The unanimous decision marked the Fed’s 10th consecutive rate increase aimed at battling inflation and brings its benchmark federal-funds rate to a range between 5% and 5.25%, a 16-year high.
Stocks retreated after the decision. The Dow industrials were down 0.8%, or about 270 points. U.S. government bonds rallied slightly. The benchmark 10-year U.S. Treasury yield fell to 3.401%, from 3.438% Tuesday.
With the latest increase, the Fed has raised its benchmark federal-funds rate by a cumulative 5 percentage points from near zero in March 2022, the most rapid series of increases since the 1980s. The rate influences other rates throughout the economy, such as on mortgages, credit cards and business loans.
“I think that policy is tight,” Mr. Powell said. But he added, “we are prepared to do more if greater monetary policy restraint is warranted.”

Until now, officials have been looking for clear signs of a slowdown to justify ending rate increases. But Mr. Powell indicated that calculation could shift now, and officials would need to see signs of stronger-than-expected growth, hiring and inflation to continue raising rates. The Fed’s next meeting is June 13-14.
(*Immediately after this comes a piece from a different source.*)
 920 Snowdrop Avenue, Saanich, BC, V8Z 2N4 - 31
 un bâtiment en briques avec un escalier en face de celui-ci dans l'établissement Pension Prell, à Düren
The Fed fights inflation by slowing the economy through lifting rates, which causes tighter financial conditions such as higher borrowing costs, lower stock prices and a stronger dollar. Banking stresses are expected to further tighten financial conditions, but the magnitude of any credit crunch is hard to predict and might not be apparent for months.
“We have a broad understanding of monetary policy. Credit tightening is a different thing,” Mr. Powell said.
Analysts said Mr. Powell’s comments suggested an important shift in what the Fed would monitor as it determines any further moves. “For the last 12 months, it has been all about inflation and the pace of employment growth,” said Blerina Uruci, chief U.S. economist at T. Rowe Price. “Now, perhaps, that is broadening. Banking-sector stress and credit conditions are going to be part of that calculation much more now.”
Some said the Fed would have been better off holding rates steady Wednesday to see how those strains slow the economy. “It’s not clear this move was necessary,” said Brian Sack, an economist and former senior executive at the New York Fed. “The arguments for the hike were very backward looking, and that’s just not the right approach when you have such important developments affecting the path of the economy going forward.”
Mr. Sack said he thought the Fed wouldn’t raise rates again this year.
Others said the increase was a reasonable way to balance the risks of sustained inflation pressures in a resilient economy. “It’s not an indefensible position, I don’t think. Is it one made a lot more difficult by the current backdrop? Yes,” said Michael de Pass, global head of linear rates trading at Citadel Securities.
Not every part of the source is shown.